Levántate por él. Si de verdad has hecho el esfuerzo y te has imaginado a un ser querido, no me creo que no lo hagas. Que no vayas a luchar. Que te rindas. Que no digas basta. Que esto hay que pararlo.

 “Tengo muchos problemas ya en mi vida. ¿Por qué me voy a preocupar también ahora del de esta gente? Pero es que el de esta gente es el que separa la vida de la muerte”, decía Jordi Évole hace unos días en horario de máxima audiencia.

No escribo aquí para juzgar su recién estrenado documental o decir si es buena persona o mal periodista. Pero su frase, si lo pensáis, lo resume todo.

Después de Mosul, llegará el invierno. El frío, la lluvia, el hielo. Los campos de refugiados, entretanto, desbordados y haciéndole frente a los tres. Y a la indiferencia.

Como decía, el otro día conocí a dos. Dos que vienen de allí, de Irak. Dos que han vivido en una vorágine, pasando por un campo de refugiados ‘de esos’, de los que vemos tan lejanos, hasta acabar aquí. Y da igual, no les importa. Su forma de vida es la sonrisa.

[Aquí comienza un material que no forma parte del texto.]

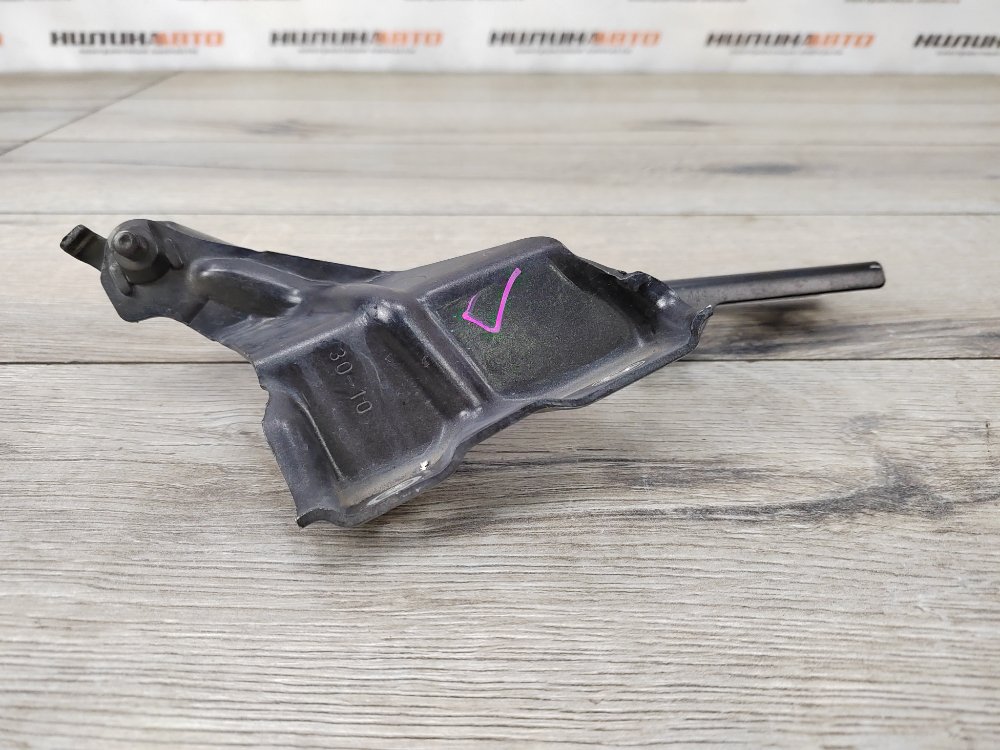 Петля капота, 1200 рублей, Москва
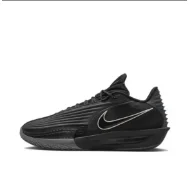 Nike Nike Air Zoom Pegasus Black HV9919-101 Sneakers Black - 1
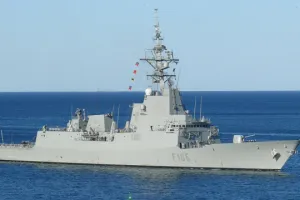 fregat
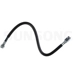 Purchase Top-Quality Rear Brake Hose by SUNSONG NORTH AMERICA - 2204601 pa1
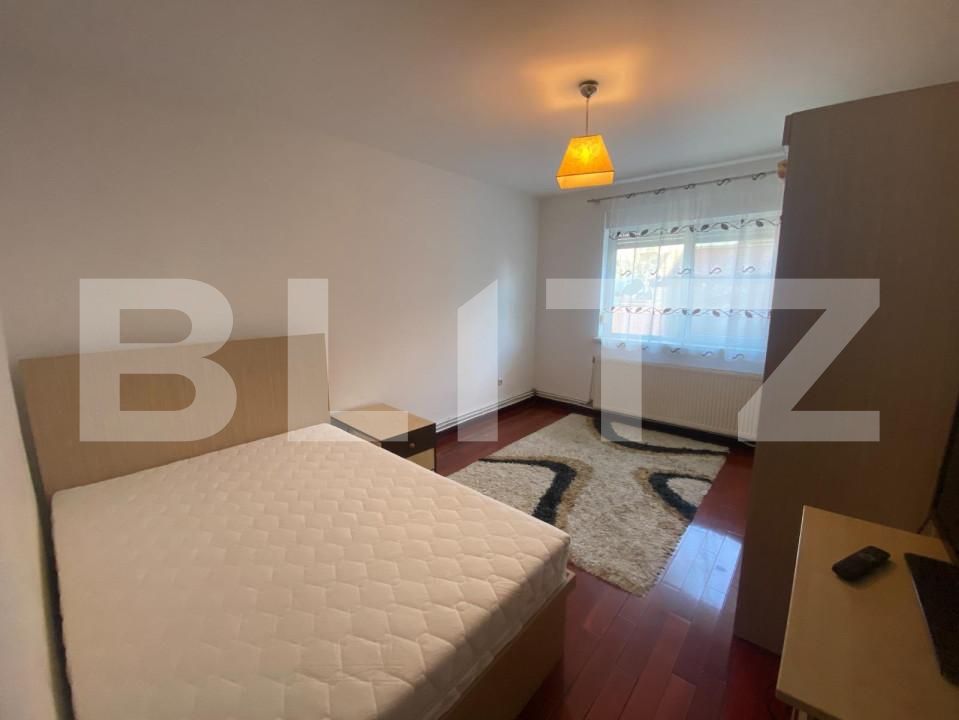 Apartament de vânzare 2 camere Cetate - 145368AV | BLITZ Alba Iulia | Poza2
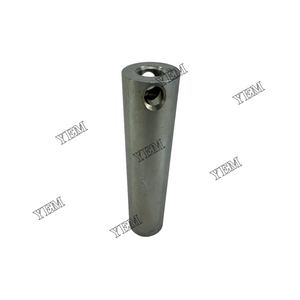 סיטוני 6729007 מעלית זרוע צילינדר עבור s250 <span class=keywords><strong>bobcat</strong></span> fit מנוע ביצועים גבוהים - Product Image 2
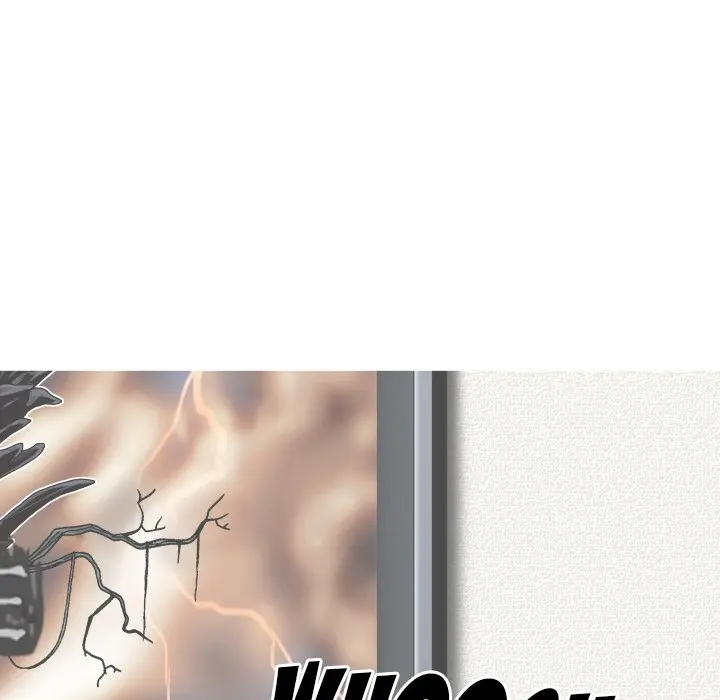 Only You Episode 20 - Page 33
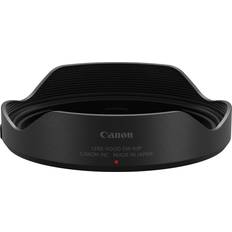 Lens Hoods Canon EW-83P Lens Hood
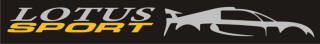 HighgateHouse Decals for Lotus Sport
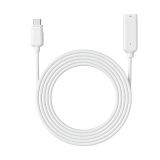 DODATEK ZA PAMETNI DOM REOLINK SOLAR EX PODALJŠEVALNI KABEL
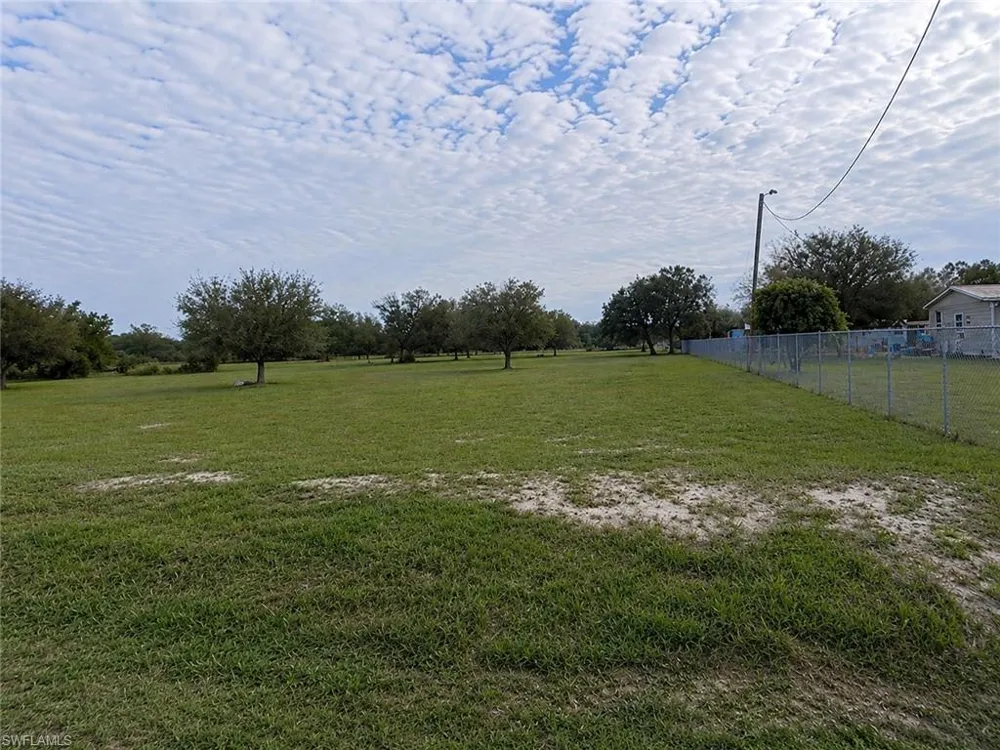 155 Datil Street Clewiston, FL 33440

Pero millones de sonrisas como las suyas corren peligro. Corren peligro porque enferman. Porque mueren. Porque alguien decide algo por ellos: hacerles daño.

“Si queremos exigir a los políticos que nos ayuden, tenemos que ayudarnos entre nosotros. Si ellos no nos dan ejemplo, deberíamos dárselo nosotros”, leí el otro día.

La entrevista en cuestión no viene a cuento, pero las frases no pueden ser más acertadas. Unámonos. Alcemos las voces. No dejemos de machacar con lo mismo. De denunciar lo que está ocurriendo.

Si queremos exigir a los políticos que nos ayuden, tenemos que ayudarnos entre nosotros. Si ellos no nos dan ejemplo, deberíamos dárselo nosotros.

Volviendo al tema, que me emociono y me pierdo, aquellos dos del otro día me conquistaron. Me enamoraron. En un par de horas, entre juegos y sonrisas, me enseñaron que la felicidad es un estado permanente, una decisión que no puede comprarse ni venderse, que se lleva dentro.

Conocerles me mostró, también, lo que unos padres pueden llegar a hacer por sus hijos. Vale, de acuerdo, hagámoslo por ellos. E igualmente por los adultos, porque una vez lo fueron también. Simplemente para que dejen de morir con nuestro consentimiento implícito. Quejémonos. Manifestémonos. Hagamos ruido. Granos. Montañas de arena. Lo que sea.

Apelo a ellos porque sé que llegan y porque no consigo entender qué más necesitamos. ¿Cuántas dosis de dolor y sufrimiento hacen falta para despertar la empatía? La que merecen todos los seres humanos. Porque sí, la empatía está dentro de nosotros. Exactamente igual que la felicidad. Aprendamos de los niños.